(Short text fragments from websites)

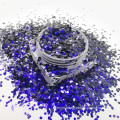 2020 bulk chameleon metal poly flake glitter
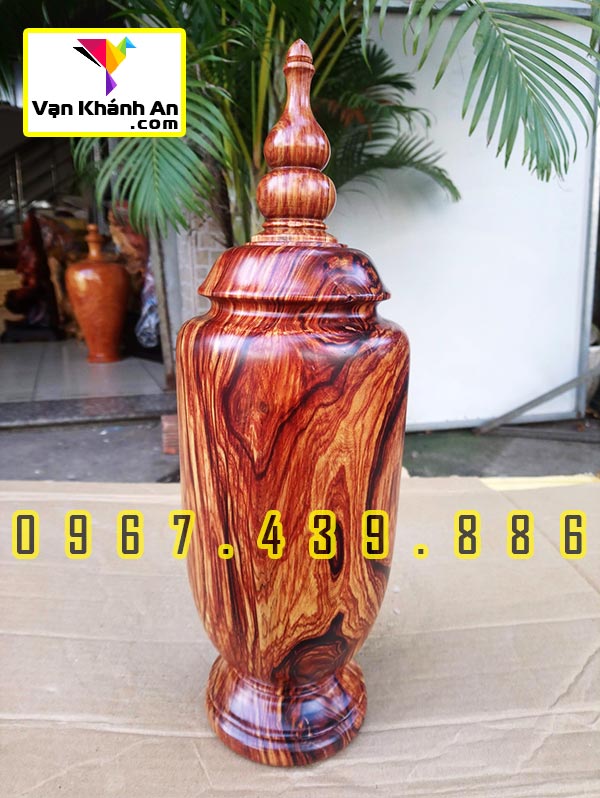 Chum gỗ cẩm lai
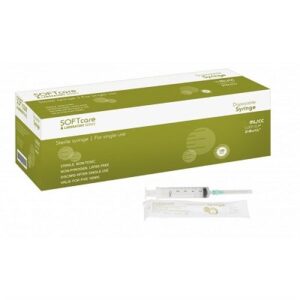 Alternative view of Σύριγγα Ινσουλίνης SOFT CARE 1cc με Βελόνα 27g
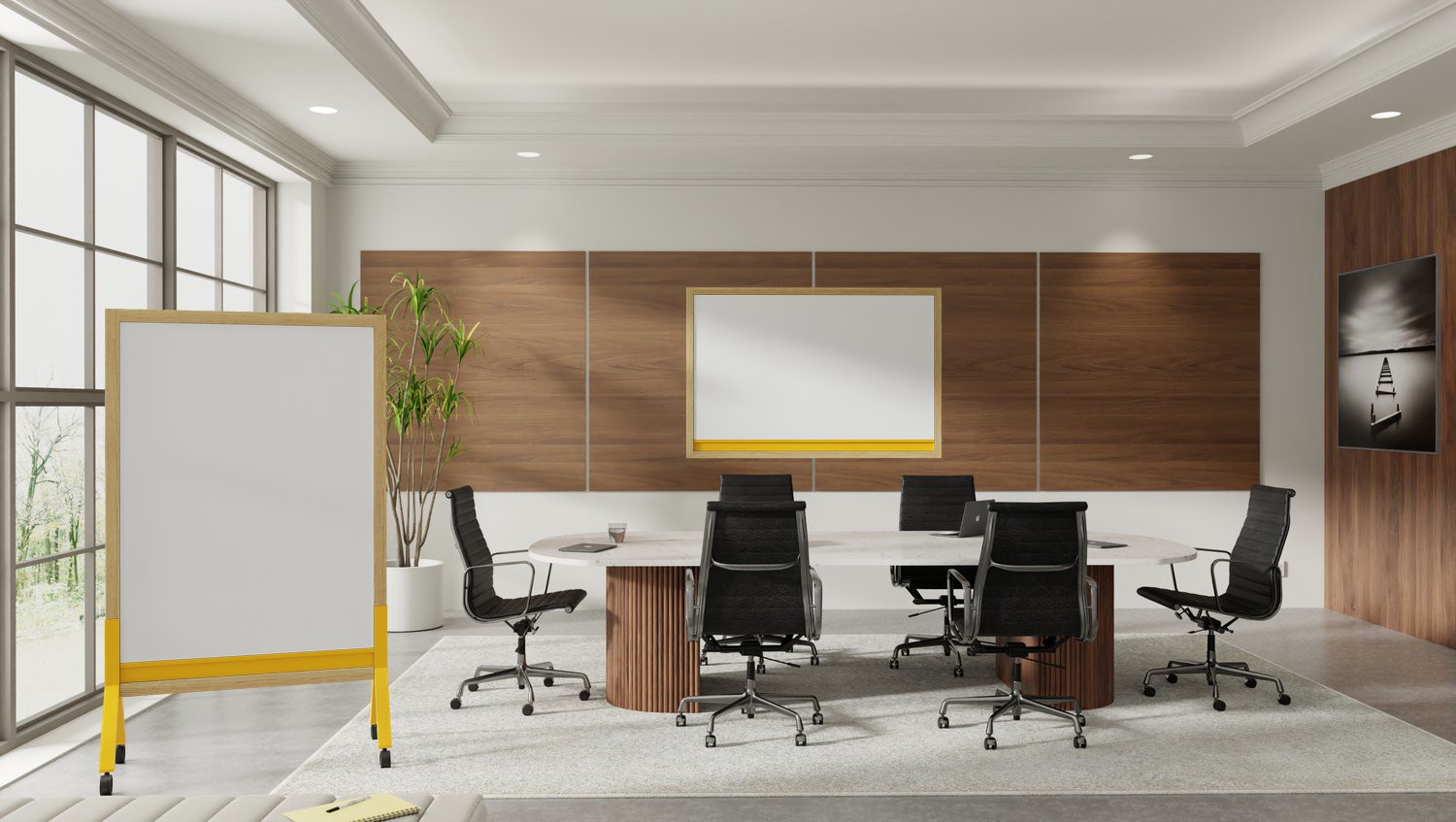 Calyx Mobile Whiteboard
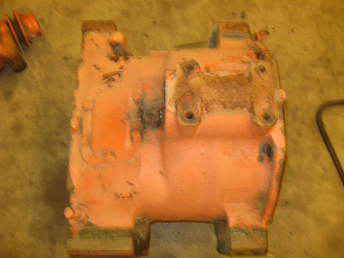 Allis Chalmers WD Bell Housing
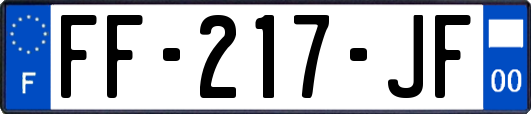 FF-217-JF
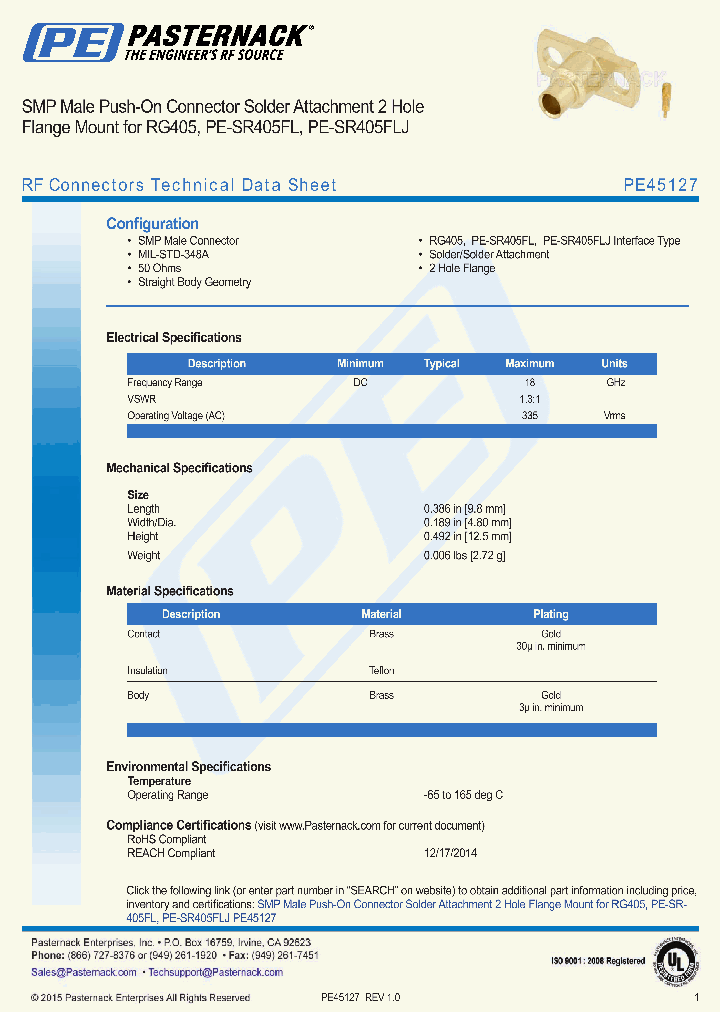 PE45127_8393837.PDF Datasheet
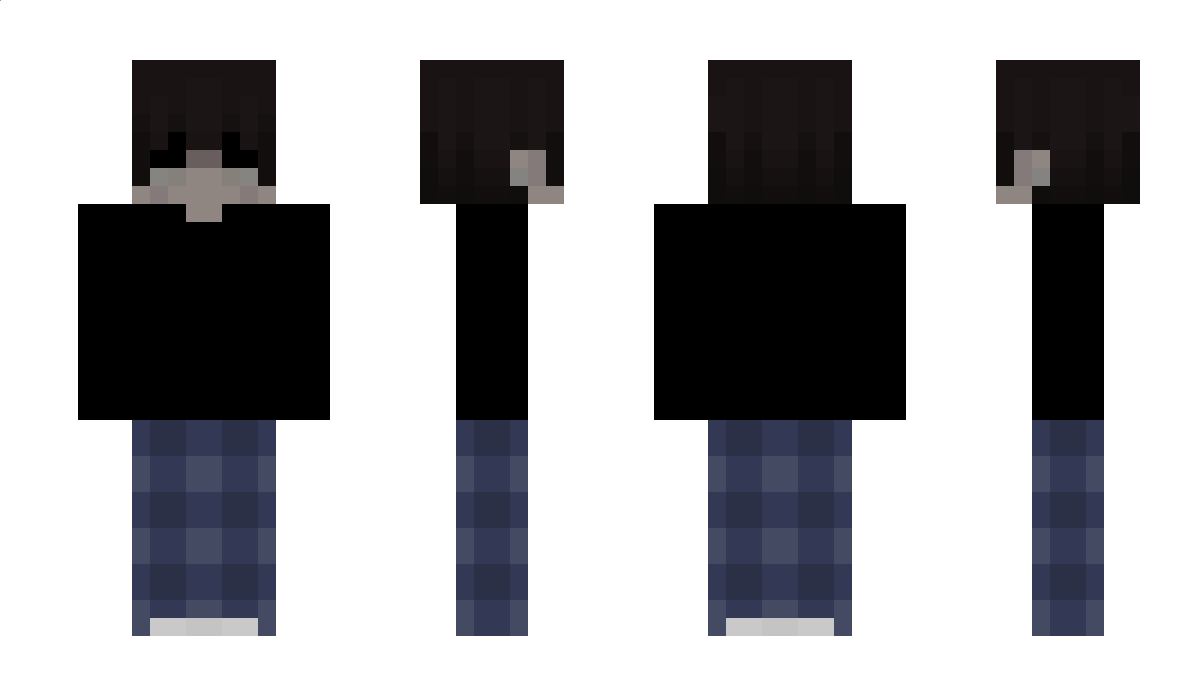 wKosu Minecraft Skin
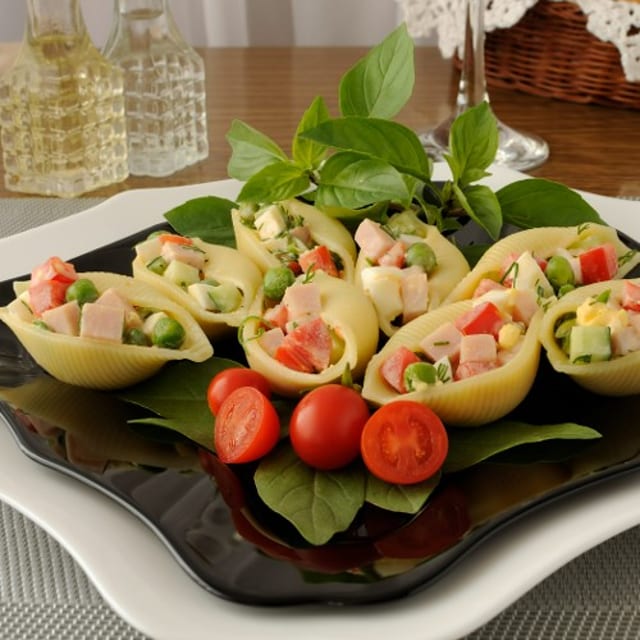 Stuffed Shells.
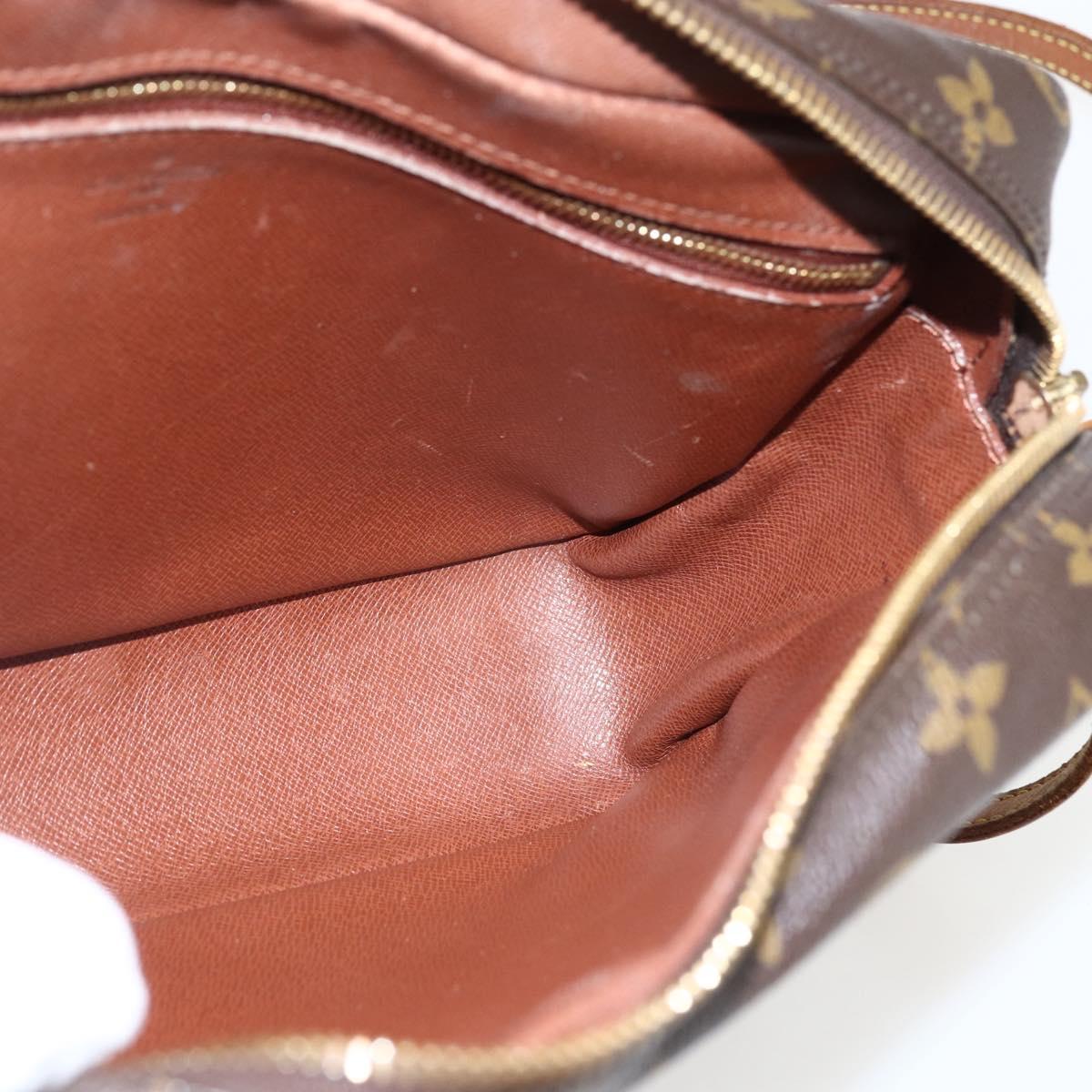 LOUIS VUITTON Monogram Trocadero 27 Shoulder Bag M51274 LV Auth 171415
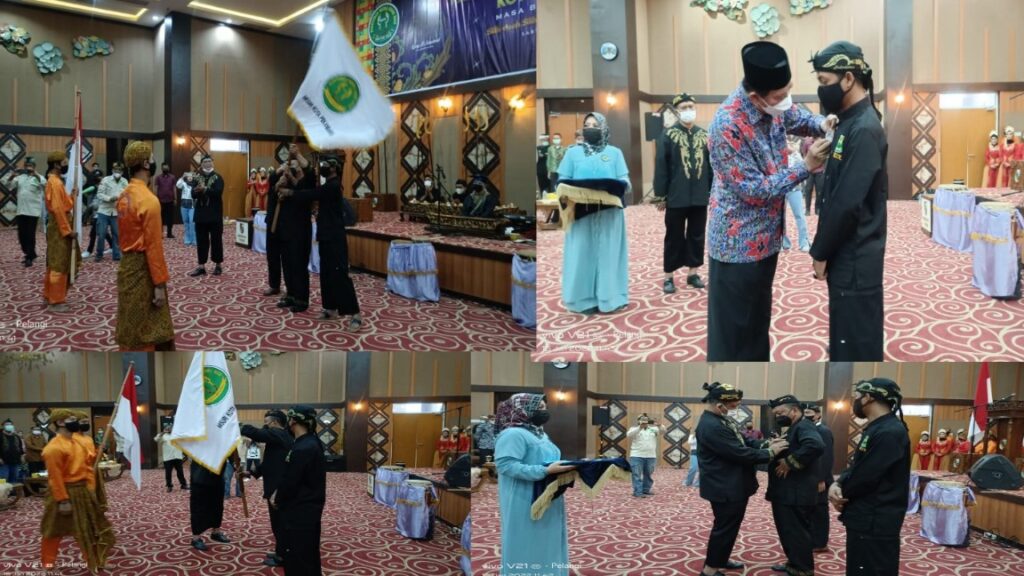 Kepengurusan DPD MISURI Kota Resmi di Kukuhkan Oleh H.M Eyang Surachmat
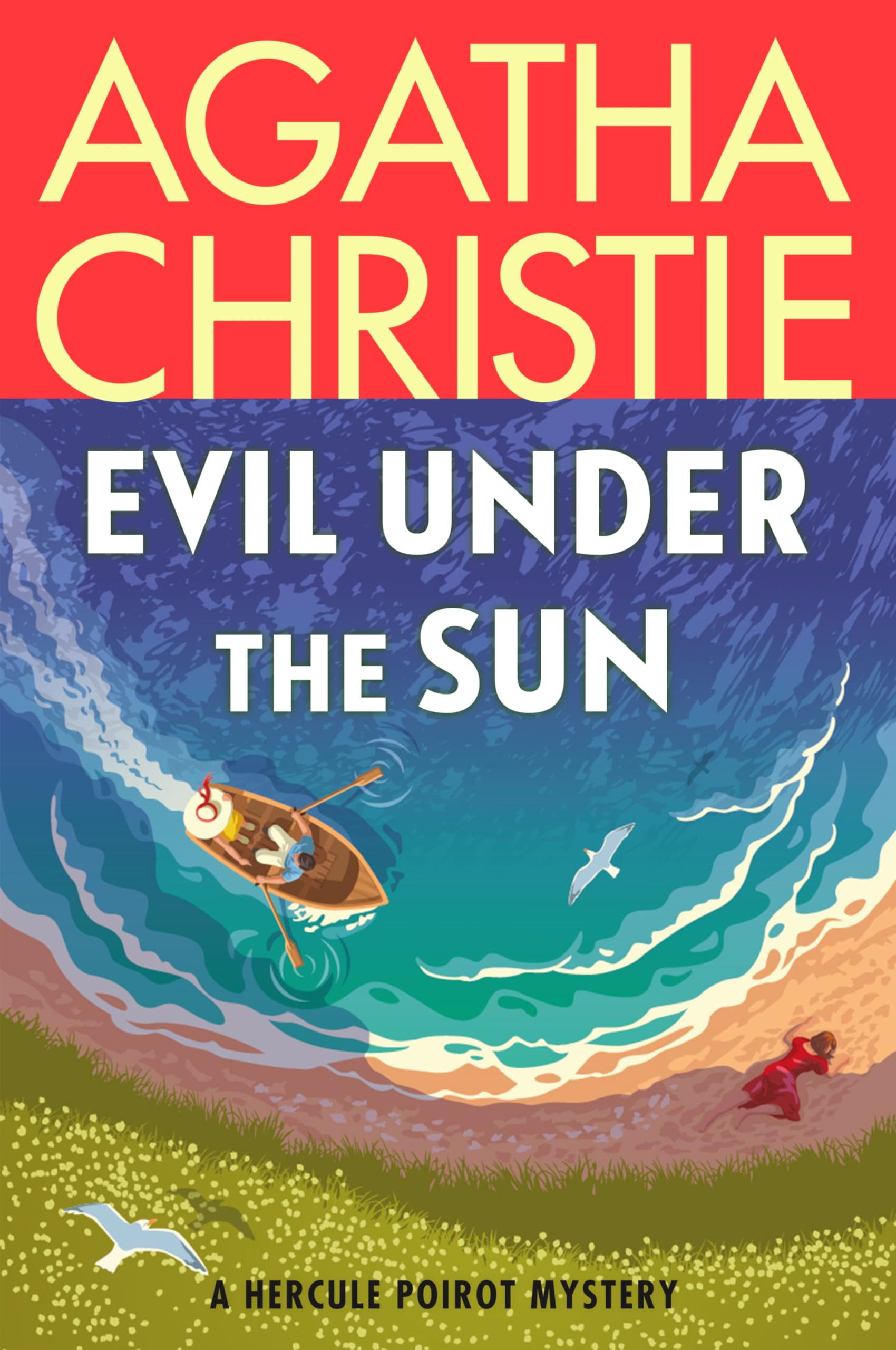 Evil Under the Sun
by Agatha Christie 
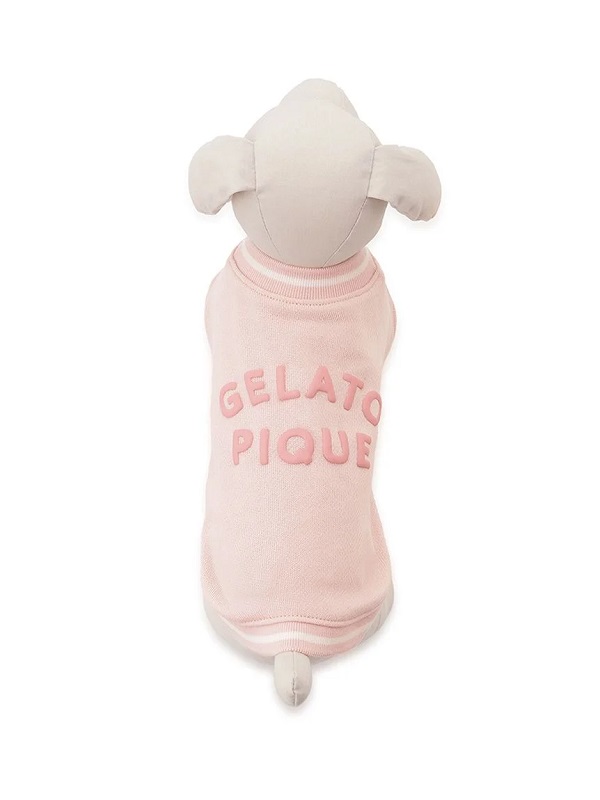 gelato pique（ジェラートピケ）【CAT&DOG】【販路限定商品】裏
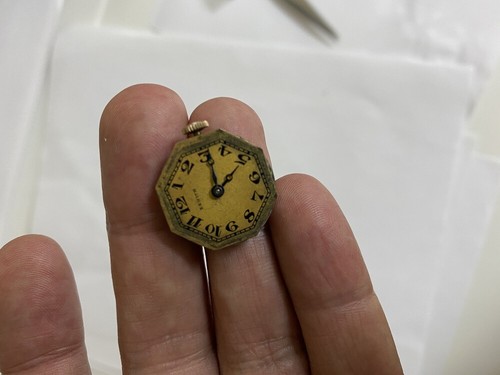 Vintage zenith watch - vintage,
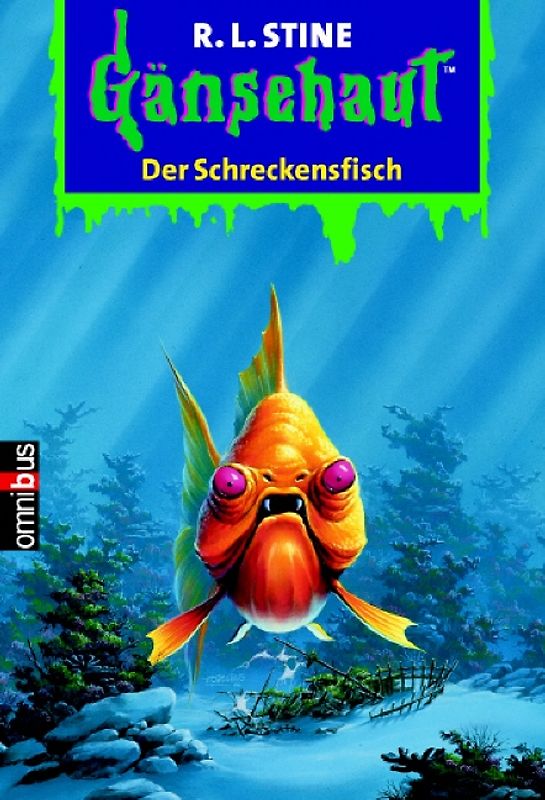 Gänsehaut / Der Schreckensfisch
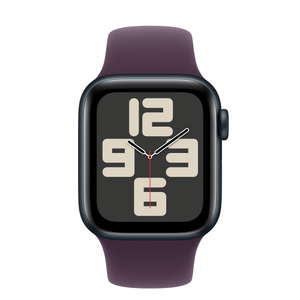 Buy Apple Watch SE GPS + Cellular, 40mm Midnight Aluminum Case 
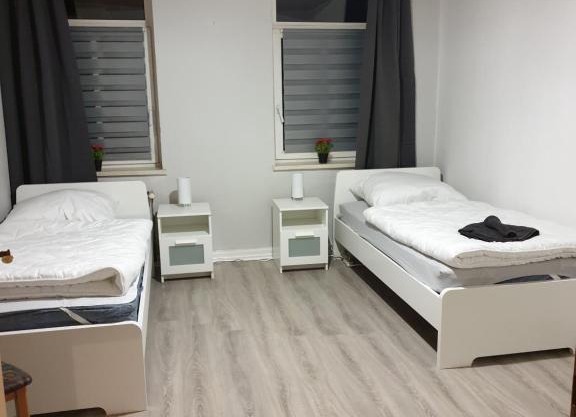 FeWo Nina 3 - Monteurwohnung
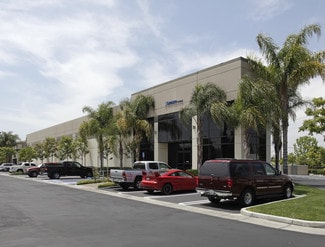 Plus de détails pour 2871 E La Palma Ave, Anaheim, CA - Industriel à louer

TASK DETAILS> Skipping any pictures, copy the line that holds "gelato pique（ジェラートピケ）【CAT&DOG】【販路限定商品】裏" and each line after it through the last line of the records, unchanged, and no other lines.

RESULT OF THE EXERCISE>
 gelato pique（ジェラートピケ）【CAT&DOG】【販路限定商品】裏
 Vintage zenith watch - vintage,
 Gänsehaut / Der Schreckensfisch
 Buy Apple Watch SE GPS + Cellular, 40mm Midnight Aluminum Case 
 FeWo Nina 3 - Monteurwohnung
 Plus de détails pour 2871 E La Palma Ave, Anaheim, CA - Industriel à louer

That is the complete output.